Autre excellent point, le poste de pilotage nu de tout artifice ! Nous avons testé avec et sans le Garmin durant la présentation et on peut vous dire qu’on l’a vite abandonné au fond du sac. Avec le Levo au moins, on n’a pas l’impression d’avoir un poste de pilotage de vélo de Trekking entre les mains.
La commande sur le côté de la batterie n’est pas très pratique à utiliser (on ne s’en sert pas souvent non plus en roulant), les LED illisibles en plein jour (elles seront plus fortes sur les vélos de série) et on aurait aimé la même chose sur le top tube.
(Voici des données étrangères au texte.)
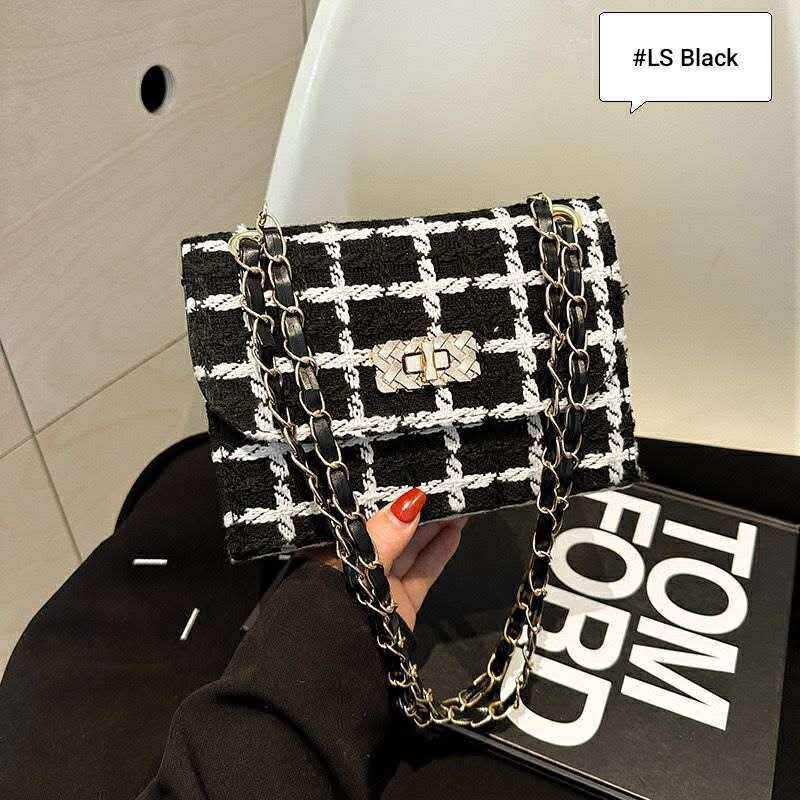 Chained Texture Square Bag_img_1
Au premier coup de pédale, la sensation est assez bluffante. L’engagement instantané au millimètre prêt et la quasi absence de friction se ressentent directement. C’est mieux sur ces points que les derniers Bosch et Yamaha testés. Revers de la médaille (notamment dû au couple élevé), on a l’impression que la transmission est plus en tension que chez les motoristes concurrents.
Il faut faire attention au passage souple des vitesses, éviter les passages à la volée de plusieurs pignons sous peine de craquement impressionnants voir de coincement de la chaîne. Après quelques minutes de prise en main, on réapprend à shifter plus tranquillement et tout se passe bien. En tous les cas force est de constater que personne n’a cassé de chaîne (une chaîne classique 11 vitesses, pas spécifique aux VTTAE) durant les différentes sorties.
De tous les modes d’assistance testés, l’intermédiaire « Trail » nous semble largement suffisant. Le mode Eco (le moins gourmand) est tout à fait adapté à une sortie sans notion de performance ou de chrono.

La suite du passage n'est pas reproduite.